The data gives the normal average January minimum temperature in degrees Fahrenheit with the latitude and longitude of 56 U.S. cities. (For each year from 1931 to 1960, the daily minimum temperatures in January were added together and divided by 31. Then, the averages for each year were averaged over the 30 years.)
In the first graphic longitude was plotted as a negative value since it is measured in degrees west of the prime meridian. This allows the plot of Lat vs. -Long to resemble a map of the U.S. The colors correspond to the value of JanTemp at each of the cities, blue for cold temperatures and red for hot temperatures. The spectrum from blue to red represents the entire range of temperature values from the coldest to the hottest in these data.
The plot shows that there is a strong association between latitude and temperature except for the coasts where the ocean has a moderating effect on the temperature.

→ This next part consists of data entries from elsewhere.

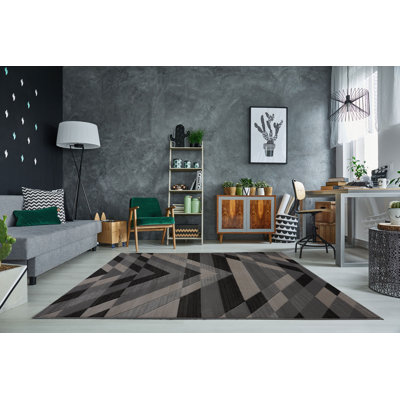 Tapis géométrique noir / gris Billie-Loren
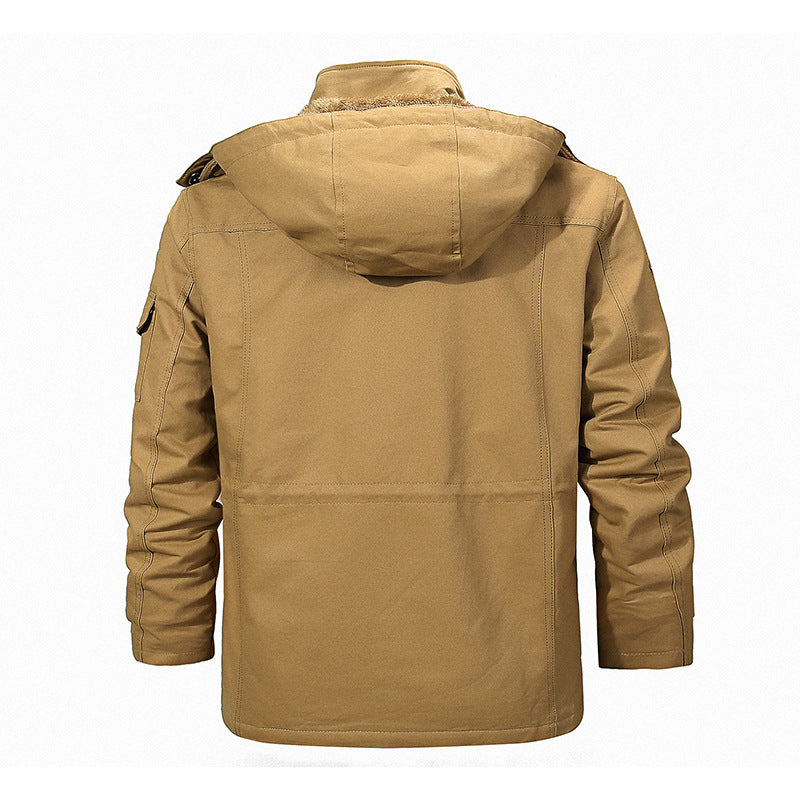 Parka de champ pour hommes, doublé en Teddy, en toile, avec capuche et poches multifonctionnelles Echo Archiv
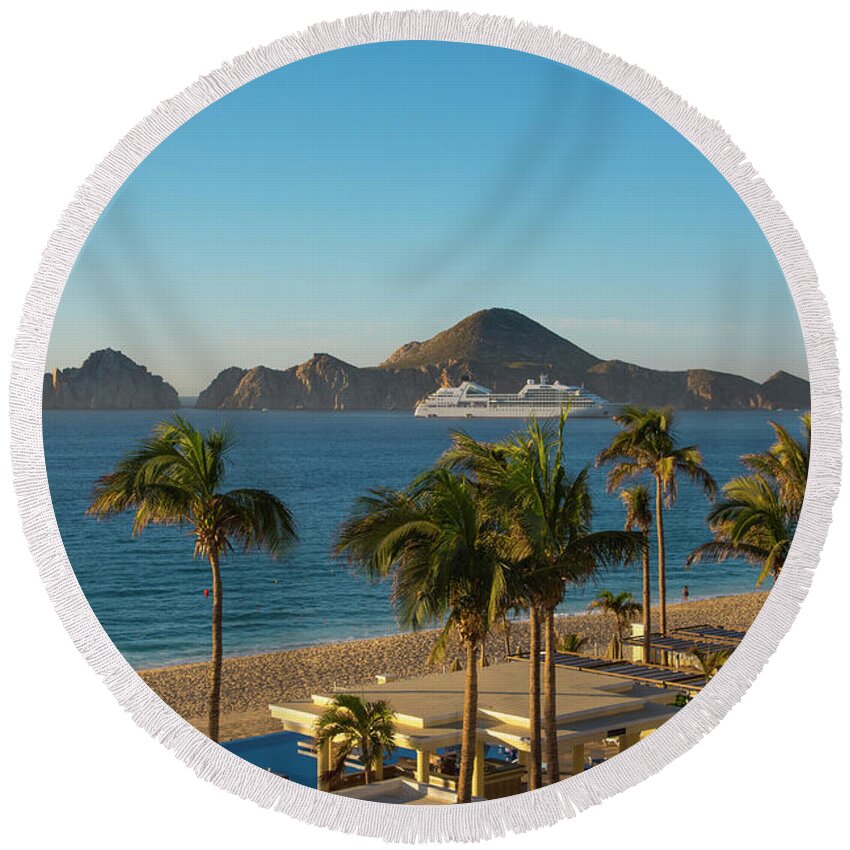 Cabo Round Beach Towel featuring the photograph Resort View by Bill Cubitt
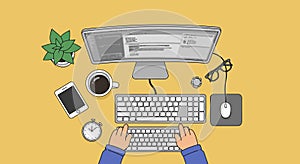 Working Desk Illustration: Coding, Design, and Productivity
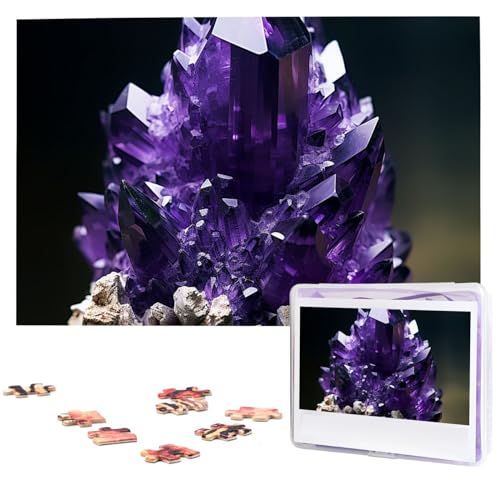 Puzzles 1000 Teile Lila Amethyst Personalisierte Puzzles Fotos Puzzle für Familie Bilderpuzzle für Erwachsene Hochzeit Geburtstag Mini Bausteine Größe 75 x 50 cm von VducK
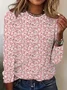 Women Simple Floral Spring/Fall Daily Loose Jersey Long Sleeve Regular Regular T-shirts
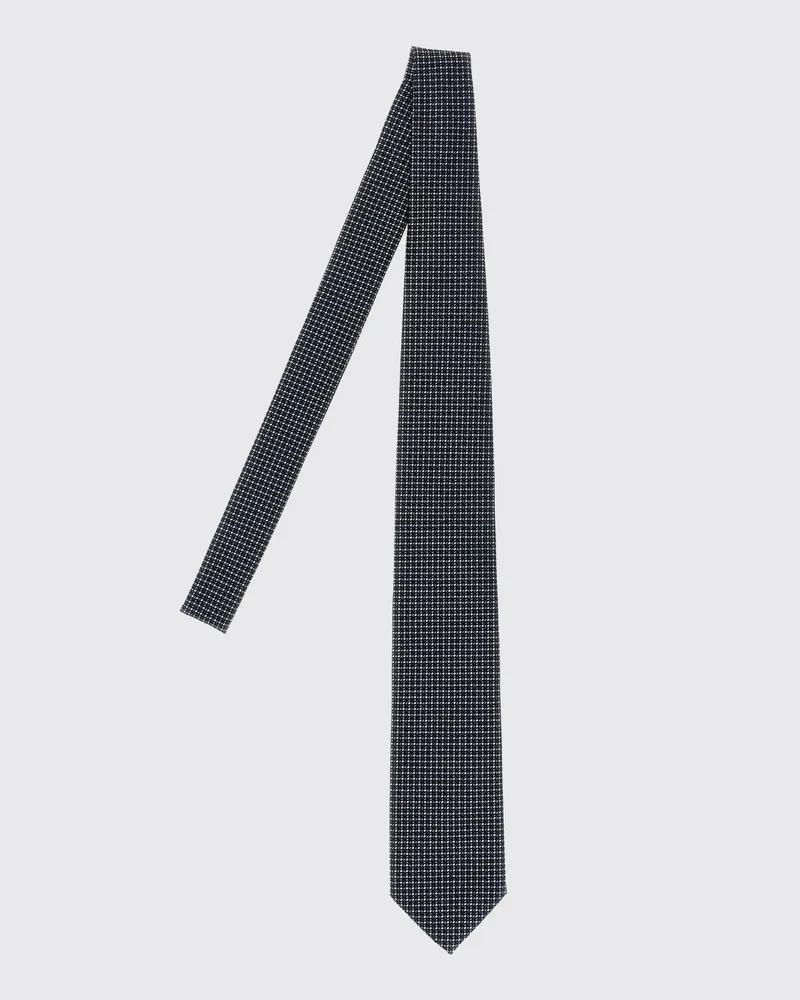 Brioni Seidenkrawatte mit geometrischem und abstraktem Muster Blau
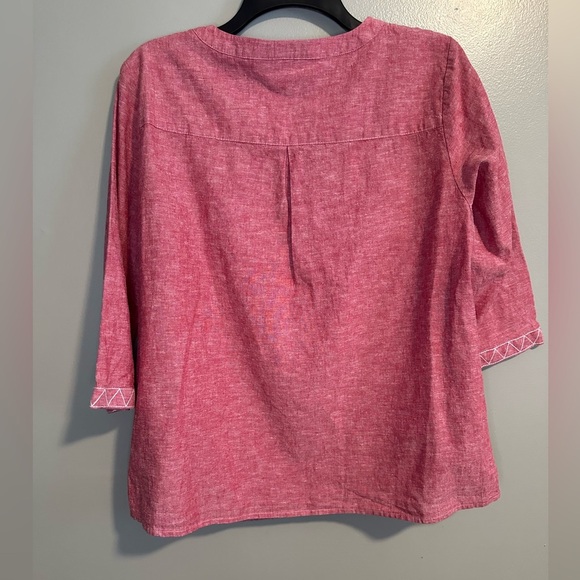 Christopher & Banks Red 3/4 sleeve linen blend western boho shirt size PL - Picture 7 of 7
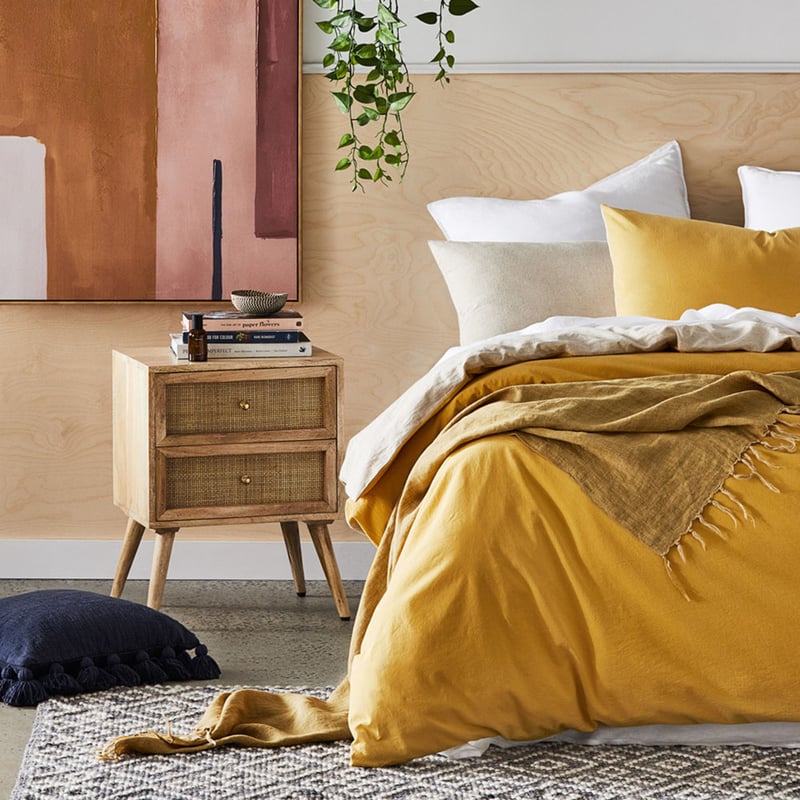 Anjuna Natural 2 Drawer Bedside Table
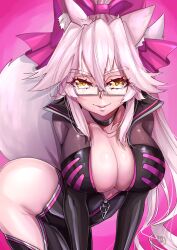 Rule 34 | 1girl, absurdres, animal ear fluff, animal ears, ass, black bodysuit, bodysuit, breasts, center opening, choker, cleavage, clothing cutout, collarbone, fate/grand order, fate (series), fox ears, fox girl, fox tail, glasses, groin, hair between eyes, highres, hip vent, huge ass, koyanskaya (fate), large breasts, leaning forward, lips, long hair, looking at viewer, no bra, no panties, pink background, pink hair, seductive smile, simple background, smile, solo, tail, tamamo (fate), thigh cutout, thighs, wide hips, yellow eyes, zipper, zipper pull tab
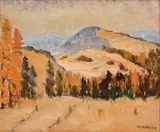 Jozef Kollár, Krajina od Štiavnice, 1958, Olej na plátne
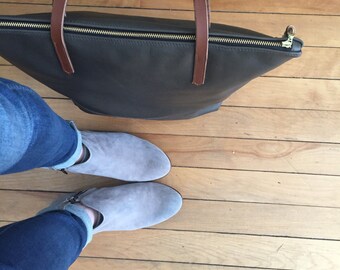 Gray Leather Bag // Large Leather Tote // Soft Leather Bag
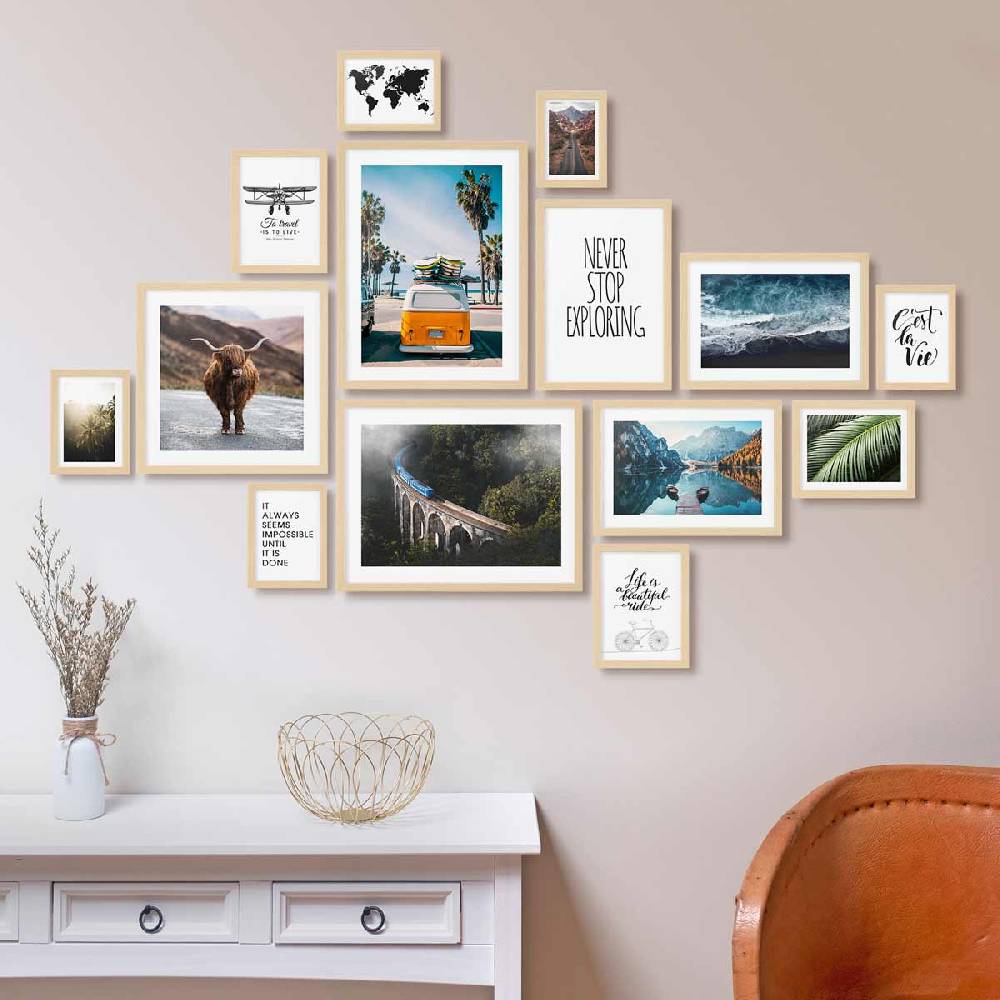 Photolini 14er Bilderrahmen-Set Modern Natur aus MDF Heißer Verkauf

The second graphic is the table of a regression of JanTemp on Lat and Long. The output shows that both latitude and longitude are significant predictors of JanTemp. The third graphic is a partial regression plot of Lat. It shows that the relationship between JanTemp and Lat, after removing the effects of Long, is linear and negative. However, the fourth plot, a partial regression plot of Long, shows that the relationship between JanTemp and Long, after removing the effects of Lat, is not linear. The pattern of observations in the plot shows that Long has a curvilinear relationship with JanTemp as depicted by the curved line, which is Lowess smooth of the plotted variables. The regression model assumes that the relationship between JanTemp and Long is linear as depicted by the straight line in the plot. This plot shows that this assumption is clearly violated. Thus, the regression model in graph 2 is inadequate.
Peixoto (1990) reports a study in which a linear relationship is assumed between JanTemp and Lat; then, after removing the effects of Lat, a cubic polynomial in Long is used to predict JanTemp.